A proposed $11 billion merger between US Airways Group Inc. and American Airlines’ parent corporation, AMR Corp. has been challenged by the Department of Justice, six state attorneys general and the District of Columbia in a civil antitrust suit.
The merger would result in the world's largest airline, and according to DOJ, "would substantially lessen competition for commercial air travel in local markets throughout the United States and result in passengers paying higher airfares and receiving less service."
States participating in the challenge are Texas, where American Airlines is headquartered; Arizona, where US Airways is headquartered; Florida; Pennsylvania; Tennessee; and Virginia.
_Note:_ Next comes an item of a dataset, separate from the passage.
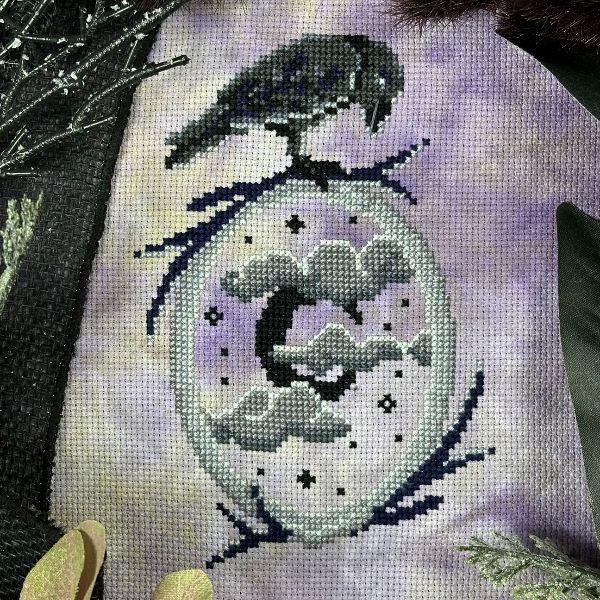 Moonlit Mirror - The Stitch Crypt - Cross Stitch Pattern [Needlework Marketplace 2024]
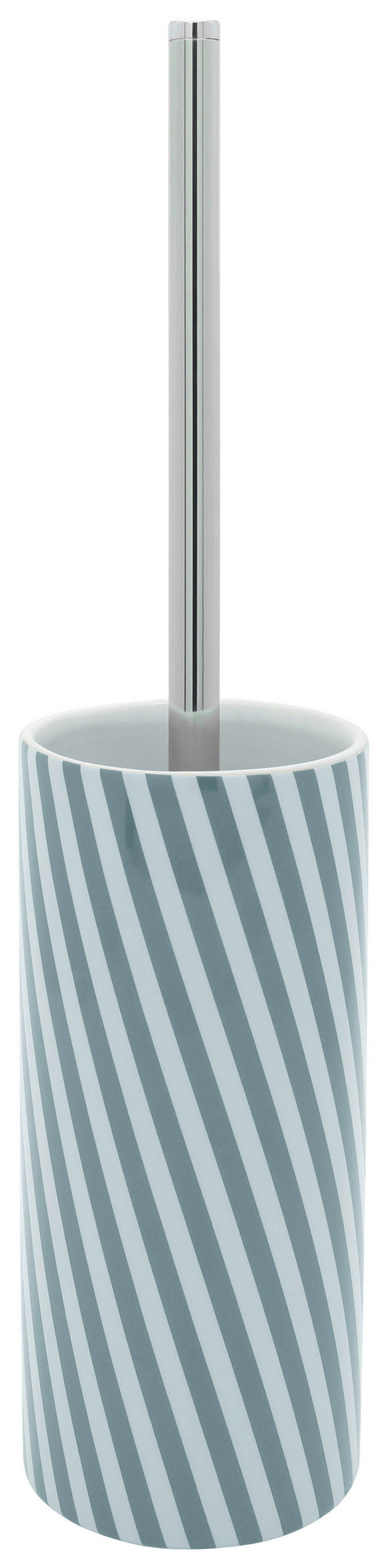 Garnitură De Perie Pentru Wc in metal  plastic   - alb/culoare inox, Basics, ceramică/plastic (8,6/38cm) - Sadena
"By challenging this merger, the Department of Justice is saying that the American people deserve better," said Attorney General Eric Holder. "This transaction would result in consumers paying the price -- in higher airfares, higher fees and fewer choices."
Last year, $70 billion were spent on airfare for travel throughout the United States. In 2012, domestic airlines generated more than $6 billion in fees from checked bags and flight changes alone.
"If this merger goes forward, even a small increase in the price of airline tickets, checked bags or flight change fees would result in hundreds of millions of dollars of harm to American consumers," said Bill Baer, Assistant Attorney General in charge of the DOJ’s Antitrust Division. "Both airlines have stated they can succeed on a standalone basis and consumers deserve the benefit of that continuing competitive dynamic."
According to the department’s complaint, the merger would result in just four airlines controlling more than 80 percent of the United States commercial air travel market.
The merged airline would also be the dominant carrier at Washington Reagan National Airport, with control of 69 percent of the take-off and landing slots. It would also have a monopoly on 63 percent of the nonstop routes out of Reagan, potentially increasing the cost of travel to and from the capital.